Entertainment is Eating the World

The two books that have most influenced my view on where the entertainment industry is headed are Infinite Jest and The Pale King, both by the great David Foster Wallace.

In Infinite Jest he paints a future in which a new form of entertainment has arrived that is so all consuming that the viewer is mesmerised to the point where they cannot tear themselves away from their screen. The viewers typically die of thirst, sitting in their chairs. The book was published in 1996 and pre-dates the mainstreaming of internet delivered entertainment, but in retrospect it felt prescient about where we were headed [1]. 

I was reminded of Infinite Jest today reading Jeffrey Katzenberg’s brilliant MIPCOM speech where he makes two key points:

1. That entertainment is not a zero-sum game - the introduction of new types of media (printing press, film, radio, TV, web etc) creates new demand - basically we’re not even close to saturating humanity’s desire to be entertained

2. That mobile accelerates this because we can now be entertained when we are out and about, “waiting”. Paperback books, magazines in the doctors office, the walkman predate this ‘mobilsation’ but now expanding faster than ever

I think both of these points are true, and if you buy that, exceptional storytellers & entertainers - whether the creators of Breaking Bad or Jonathan Franzen will be valued far more in the future. So too will be new platforms for entertainment. And so will those that amplify the leverage of those great storytellers e.g. CAA.
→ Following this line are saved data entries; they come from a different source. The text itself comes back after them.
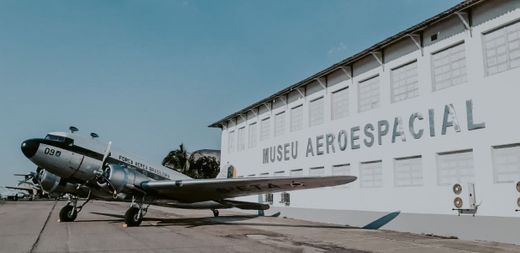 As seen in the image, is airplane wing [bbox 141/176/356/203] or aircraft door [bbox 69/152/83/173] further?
aircraft door [bbox 69/152/83/173]

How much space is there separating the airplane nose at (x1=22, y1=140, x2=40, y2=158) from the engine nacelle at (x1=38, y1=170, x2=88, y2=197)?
3756 mm

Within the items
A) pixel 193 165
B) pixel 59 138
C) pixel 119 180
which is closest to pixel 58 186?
pixel 59 138

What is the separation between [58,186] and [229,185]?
9370 millimetres

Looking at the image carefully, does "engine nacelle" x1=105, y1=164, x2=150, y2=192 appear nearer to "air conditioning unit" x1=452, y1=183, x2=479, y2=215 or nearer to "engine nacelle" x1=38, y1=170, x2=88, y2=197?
"engine nacelle" x1=38, y1=170, x2=88, y2=197

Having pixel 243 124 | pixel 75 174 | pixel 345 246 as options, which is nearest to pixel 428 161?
pixel 345 246

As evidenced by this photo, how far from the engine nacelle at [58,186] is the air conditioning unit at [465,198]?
16770 millimetres

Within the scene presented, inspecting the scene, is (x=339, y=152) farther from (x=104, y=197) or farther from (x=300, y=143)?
(x=104, y=197)

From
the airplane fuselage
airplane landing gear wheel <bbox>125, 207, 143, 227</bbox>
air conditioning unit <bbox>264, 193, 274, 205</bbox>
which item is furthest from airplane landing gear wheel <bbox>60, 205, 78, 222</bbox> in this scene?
air conditioning unit <bbox>264, 193, 274, 205</bbox>

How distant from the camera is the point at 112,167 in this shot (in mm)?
15008

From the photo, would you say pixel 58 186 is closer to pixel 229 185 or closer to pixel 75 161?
pixel 75 161

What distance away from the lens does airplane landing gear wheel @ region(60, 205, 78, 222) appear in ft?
55.4

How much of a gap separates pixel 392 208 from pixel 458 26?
329 inches

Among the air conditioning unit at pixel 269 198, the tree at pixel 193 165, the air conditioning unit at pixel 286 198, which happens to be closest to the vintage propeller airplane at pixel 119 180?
the air conditioning unit at pixel 286 198

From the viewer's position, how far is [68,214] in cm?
1702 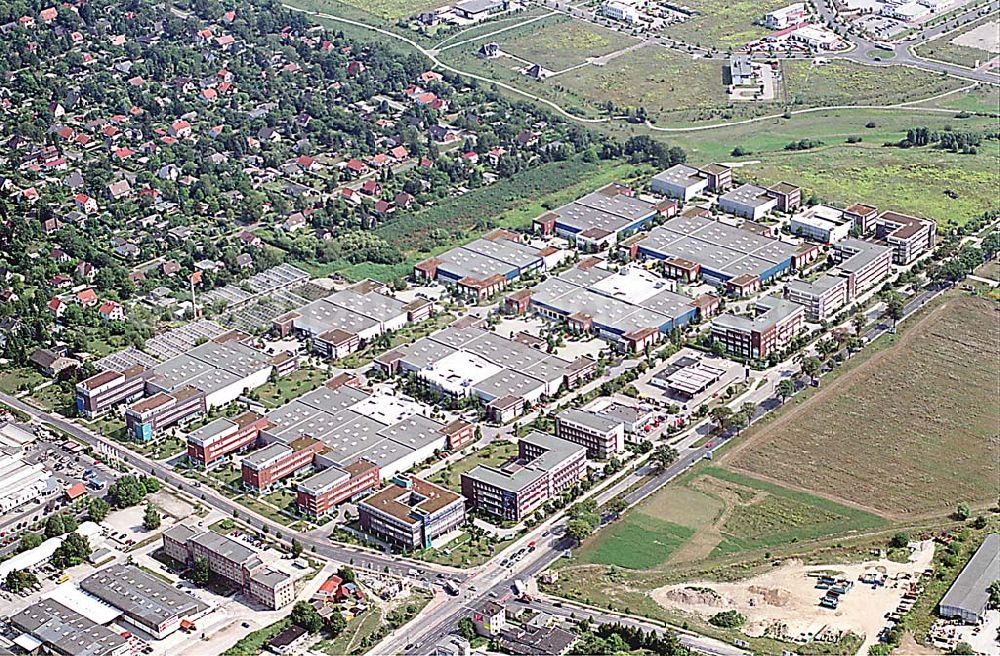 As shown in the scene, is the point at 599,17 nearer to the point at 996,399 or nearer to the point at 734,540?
the point at 996,399

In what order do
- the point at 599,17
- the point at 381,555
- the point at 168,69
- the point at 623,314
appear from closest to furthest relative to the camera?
the point at 381,555, the point at 623,314, the point at 168,69, the point at 599,17

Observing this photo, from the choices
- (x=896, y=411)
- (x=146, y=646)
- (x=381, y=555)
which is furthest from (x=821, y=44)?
(x=146, y=646)

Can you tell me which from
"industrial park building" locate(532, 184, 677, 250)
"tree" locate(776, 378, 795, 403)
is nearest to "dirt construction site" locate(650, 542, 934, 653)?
"tree" locate(776, 378, 795, 403)

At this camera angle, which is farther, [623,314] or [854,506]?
[623,314]

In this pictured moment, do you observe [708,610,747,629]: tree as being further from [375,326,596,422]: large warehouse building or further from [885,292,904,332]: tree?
[885,292,904,332]: tree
The counterpoint to this acceleration is provided by The Pale King - a study on boredom. The book questions whether our hunger to be entertained is a distraction mechanism that helps us ignore the unanswerable questions in life that roughly reduce to - what does it all mean. His heroes are the workers in the US tax office and they are realised and dignified by their boredom. All this to say - I share DFW’s concern that a world in which we are more and more entertained is not necessarily a healthy one and I think much good can be done by helping people find that empty space. The counter cyclical investment thesis for entertainment if you like. I think at some point we will be in search of that lost boredom.

[1] - the structure is also weirdly prescient - the endless footnotes feel something like web browsing & hypertext.